DUA PULUH ENAM

1K 155 16
                                    


Di tempat lain, di Toronto, Kanada—tepatnya di sebuah kafe kecil—Gwen sibuk melayani pelanggan di balik meja konter. Mendengar fakta bahwa ayahnya meninggal karena dibunuh membuat Gwen terpukul. Berhari-hari ia hanya mengurung diri di rumah, meratapi nasib ayahnya yang begitu tragis. Sesekali ia mengenang sosok ayahnya yang sering menghabiskan waktu dengannya ketika ia masih kecil. Sampai sekarang ia tidak tahu mengapa ayahnya bisa meninggal seperti itu.

Siapa yang tega membunuh ayahnya? Mengapa ayahnya dibunuh?

Namun, Gwen harus melanjutkan hidup. Ia tidak mau membuat ibunya bersedih melihatnya menangis terus-menerus. Untuk itu, Gwen kembali bekerja di kafe milik Eddy. Selain demi melanjutkan hidup, Gwen tentu ingat ia masih memiliki utang pada pria itu atas uang yang Eddy berikan untuknya demi bisa ke New York. Meskipun Gwen ternyata ditipu, uang Eddy harus tetap dikembalikannya.

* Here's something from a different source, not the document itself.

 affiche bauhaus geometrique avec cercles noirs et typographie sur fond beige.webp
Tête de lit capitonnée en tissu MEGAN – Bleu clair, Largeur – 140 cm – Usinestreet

Gwen meminta maaf pada Eddy karena uangnya dibawa kabur orang lain, apalagi dia tidak menjadi penyanyi seperti yang diimpikan. Gwen sebenarnya malu dan merasa bersalah pada pria itu. Tapi, dia tidak bisa lari. Gwen harus bertanggung jawab mengganti uangnya.

Untuk itu, Gwen menawarkan diri bekerja sukarela di kafenya. Eddy sebenarnya tidak mengharuskan Gwen menggantinya dan menolak keras saat Gwen menawarkan diri mengganti uangnya dengan bekerja di kafenya tanpa dibayar. Tapi, Gwen memaksa. Dan sebagai gantinya disepakati Gwen hanya dibayar setengahnya.

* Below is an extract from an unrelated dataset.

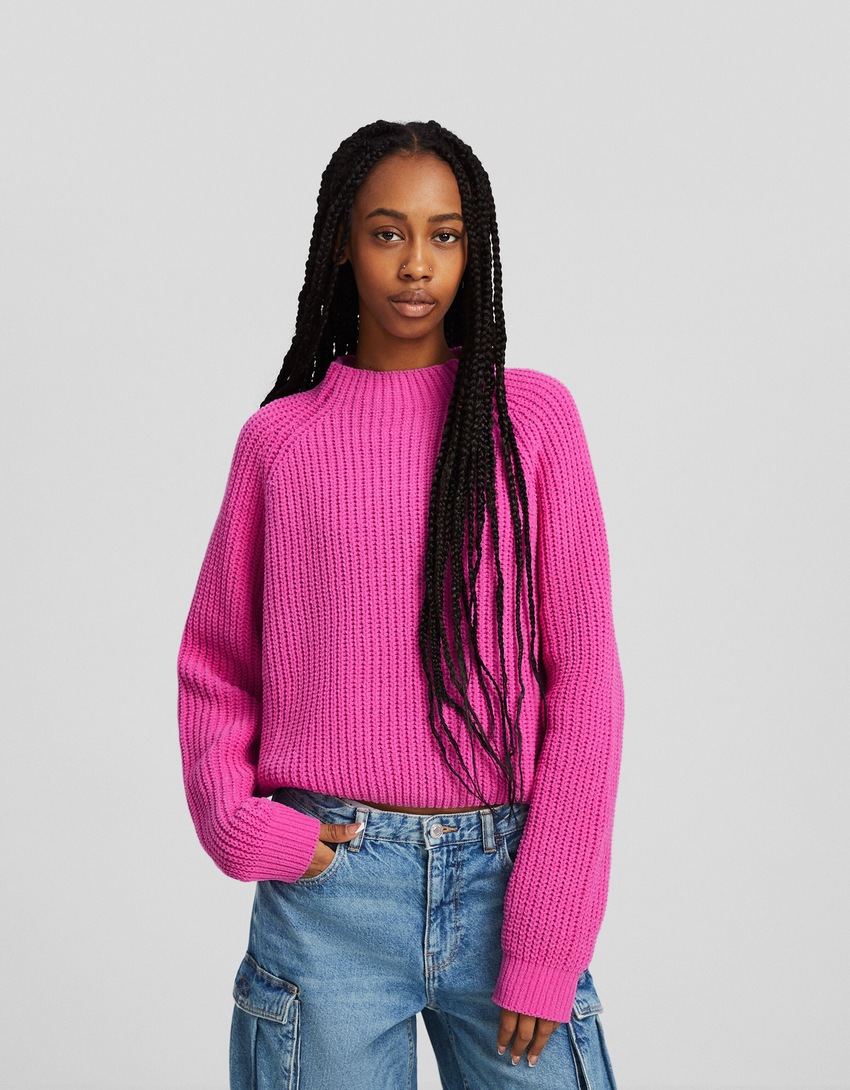 Suéter de chenille com gola alta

“Kau harus mengganti saat kau menjadi penyanyi terkenal nanti.” ujar Eddy saat itu, setengah bercanda. Karena, bagaimana pun, Eddy yakin Gwen dapat meraih impiannya suatu hari nanti.

Tapi, berbeda dengan Eddy, Gwen bahkan sudah menyerah akan impiannya.

“Aku tetap yakin kau akan mencapai impianmu nantinya.” balas Eddy penuh keyakinan.

******

Malam pun tiba. Gwen yang hari itu bertanggung jawab membersihkan kafe sebelum tutup, masih tetap berada di kafe seorang diri. Ia membersihkan meja, menyapu lantai, bahkan membersihkan dapur.

Saat sedang merapikan meja dan kursi, terdengar suara pintu berderit yang menandakan seseorang memasuki area kafe. Gwen pikir itu pengunjung yang tak tahu bahwa kafe sudah tutup. Gwen yang membelakangi pintu, lantas membalikkan tubuhnya.

“Maaf, kami sudah tu...”

Ucapannya terpotong saat menyadari siapa yang datang. Gwen terkejut menyadari ternyata yang datang bukanlah pelanggan, melainkan pria yang beberapa minggu ini masih sulit ia lupakan. Pria yang menjadi alasannya meninggalkan New York dan memilih lari, kembali ke Toronto.

Sean Okada. Berdiri di hadapannya saat ini. Menatapnya dengan tatapan terluka, sekaligus...rindu.

Gwen mengerjap. Ia menggelengkan kepalanya pelan. Tidak mungkin itu Sean. Pasti hanya halusinasinya semata. Dan apa tadi? Dia menatapnya dengan tatapan rindu? Mana mungkin! Kau benar-benar sudah gila, Gwen!

Gwen menunduk, terkekeh dengan pemikirannya sendiri.

“Gwen..”

Gwen tersentak. Suara itu...

Mendengar suara itu, Gwen seketika mendongak. Matanya mengerjap cepat berusaha meyakinkan diri bahwa yang dia lihat itu benar Sean. Bukan hanya ilusi.

“Sean?” lirih Gwen. Jadi, benar ini dia? Pria itu benar-benar ada di hadapannya?

Sean tersenyum. “Hai.”

Kembali melihat sosok yang dicintainya membuat Sean merasa seakan ribuan kupu-kupu beterbangan dalam perutnya. Ia sangat merindukan gadis itu dan melihatnya setelah sekian lama membuatnya bahagia luar biasa.